The bachelor’s degree, which Roane earned in December 2011 and wanted to get before she turned 70, is part of her complete plan to earn a master’s degree in divinity in three years and finally be able to enter professional ministry. It’s also a part of a plan between Bluefield College and The John Leland Center for Theological Studies.
In fact, in the fall of 2010, Bluefield and Leland signed an articulation agreement that allows students who have an interest in Christian ministry greater access to the theological training they will need to fulfill that calling.
A Christ-centered liberal arts college in Southwest Virginia, Bluefield College offers 20 undergraduate degrees, including Christian studies, but does not offer master’s degrees. Located in Northern Virginia, Leland offers graduate degrees in theology, as well as a pre-baccalaureate Diploma Program in Biblical studies, but no bachelor’s degree.

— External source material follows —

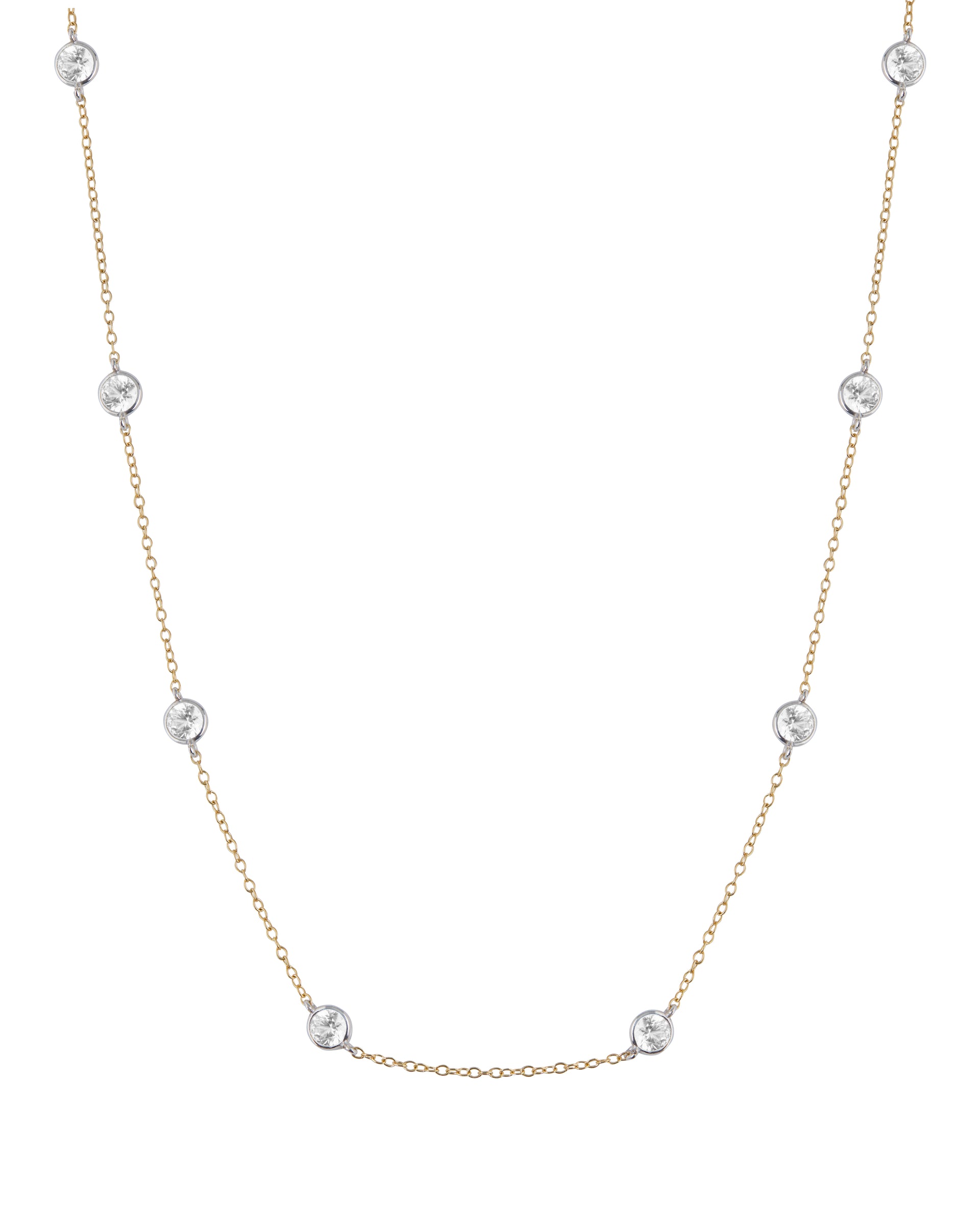 CLEMENCE, 8 STONE TWO-TONE STRAND NECKLACE, GOLD AND SILVER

“What Leland or Bluefield might not achieve alone,” said BC’s Dr. Robert Shippey, vice president for academic affairs, “we have determined to achieve together for the benefit of students like Harriett Roane and all Virginia Baptists.”
The pact between the two schools allows students to begin their academic preparation for Christian ministry with Leland, complete their bachelor’s degree at Bluefield, and then continue with graduate study back at the seminary. In fact, when she earned her bachelor’s degree from Bluefield College this past winter, Roane became the first ever student to complete the Leland-to-BC exchange.
“I’m an achiever, and I wanted to get that degree,” said Roane about earning her bachelor’s degree from BC. “If you really want it bad enough to make the sacrifices,” such as time away from the family while hitting the books, “you can get it at any age, if it is something you’ve desired all your life.”
Now enrolled in the master’s program at Leland, Roane is just one chapter away from realizing her dream. In addition to her studies, she works full time painting, preparing exhibits and managing a Village Art Gallery. She also feeds her passion for ministry by participating in a group that provides study and worship services at local campgrounds.
“We hope Harriett is the first of many to complete this program,” said Dr. Shippey. “Those who are called into some form of professional ministry, like Harriett, need to benefit from quality theological education, and the Kingdom of Christ deserves informed spiritual leaders equipped with critical and creative thinking skills. This partnership between Bluefield and Leland helps achieve that goal.”